In retrospect, the signs were there in February, when I last visited; while the tables and flyers were still there, the fruit-shaped lights were gone from the window, the music was a bit more generic, and the clientele were a bit older, often with babies in tow. I wasn't expecting such a complete metamorphosis, though.

Farewell, Tin Pot; it was nice knowing you.

cafés gentrification melbourne north fitzroy personal 5

2008/2/1

BBC News Magazine has an article on the evolution of café culture in Britain.

But a good coffee can be a catalyst, says the three times UK National Barista Champion, Simon Robertson. "However busy you are, in the time it takes you to finish that coffee your normal world is put on hold and you go somewhere else in your head. It's about creating a moment, creating an experience."
We are in the "Blue Nun stage" of coffee drinking, says Mr Robertson. Just like wine a generation ago, people have started drinking coffee but don't know enough about it to judge if it's good or not.
While Britain hasn't had as pervasive a café culture as, say, Australia (probably due to the influx of migrants from Italy and Greece to the latter in the 1950s) or parts of the US, it is gradually catching up. Unfortunately, big corporate coffee chains have had the time to establish themselves in the minds of the public as the definition of what the café experience is (i.e., as a sort of McDonald's for people who read newspapers), and have gotten away with making execrable coffee and passing it off as something decent (case in point: Costa Coffee's "authentic Italian" coffee, which is vile).
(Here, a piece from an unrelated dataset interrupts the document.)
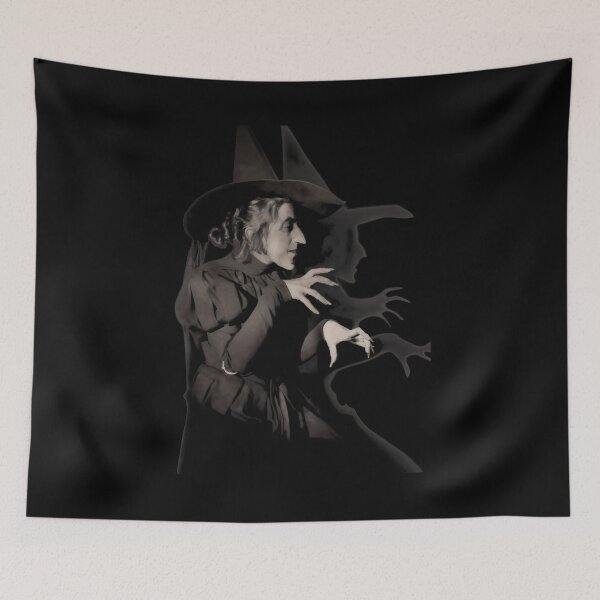 Item preview, Menacing Sorceress Shadow  designed and sold by Andreahuebos.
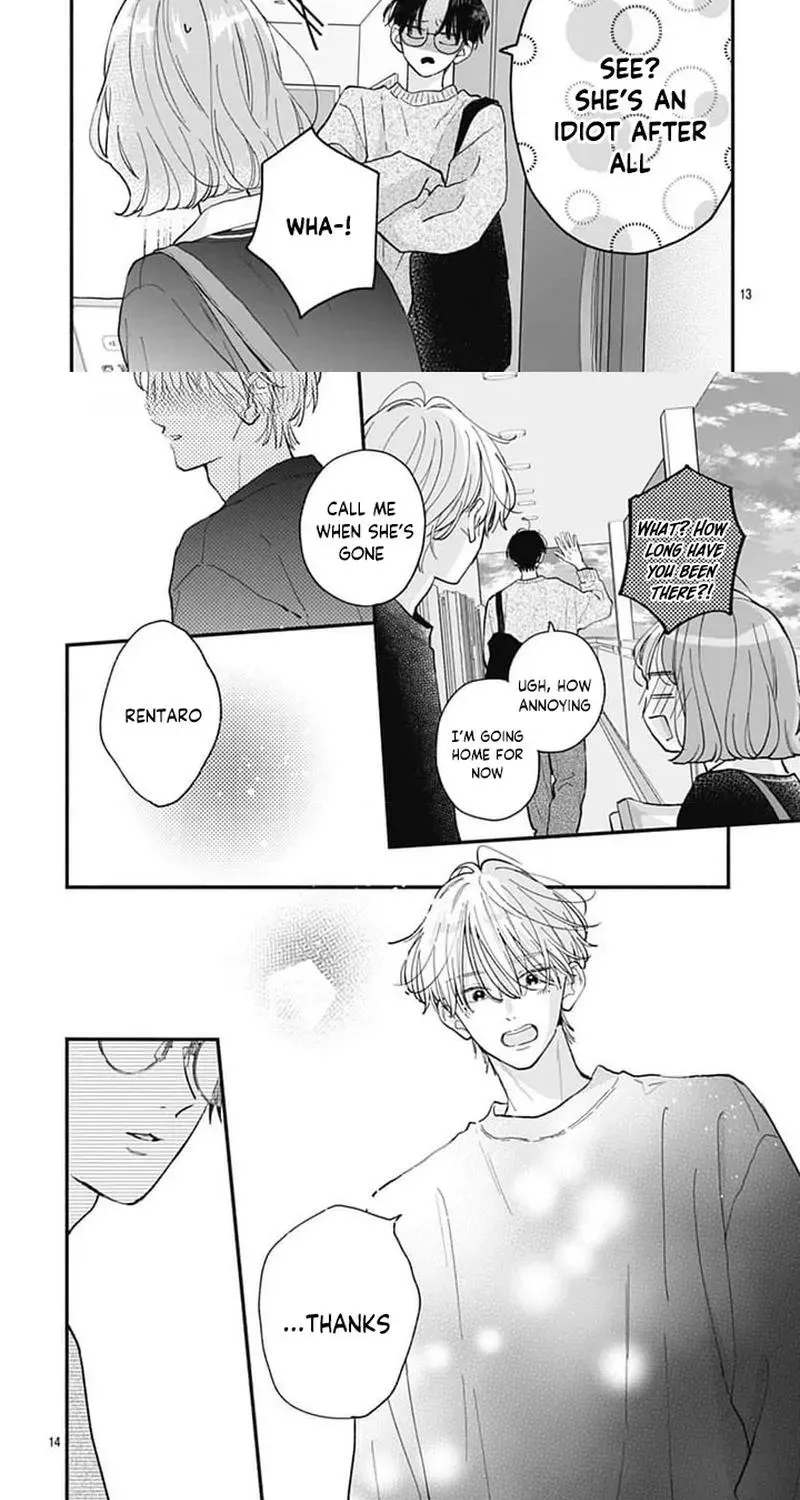 Fukakouryoku No I Love You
The notorious predatory behaviour by which chains have eliminated independent cafés elsewhere (opening three outlets to a block, running them at a loss until the rivals go out of business, close all but one) wasn't even necessary, because the bar for coffee, in most places, was set so low that Starbucks was actually an improvement.

Fortunately, there are signs that this is changing, and consumers are becoming more savvy and discriminating:

"I treat myself to one "special" coffee per week and was always disappointed with the big brand coffee shop that I used as they frequently messed up my order and lacked that personal touch. One week I decided to use the smaller place across the road and to my delight discovered that not only do they get my drink right 100% of the time but actually smile and chat to me while I'm there. Their prices are also substantially cheaper that the big names. Go back to the big brand coffee house? Not me."
Mr Robertson insists the coffee making experience is paramount. He recalls when an elderly customer stopped him to say the coffee he'd just drank was the best he'd had since his time in Italy.
"I asked him when he was last in Italy and he said during World War II. I realised the coffee I'd just made him - the smell, the taste, the experience - had transported him all the way back in his mind to wartime Italy.
The big chains have an advantage—deep pockets, allowing them to lease prime space—whereas the smaller cafés are often hidden away. Though web-based independent café directories like Delocator and Cosy Coffee Shops are helping to level the playing field.

Interestingly enough, Australia seems to have become a standard for coffee quality. I've seen two places so far which advertised that they employed "Australian-trained baristas".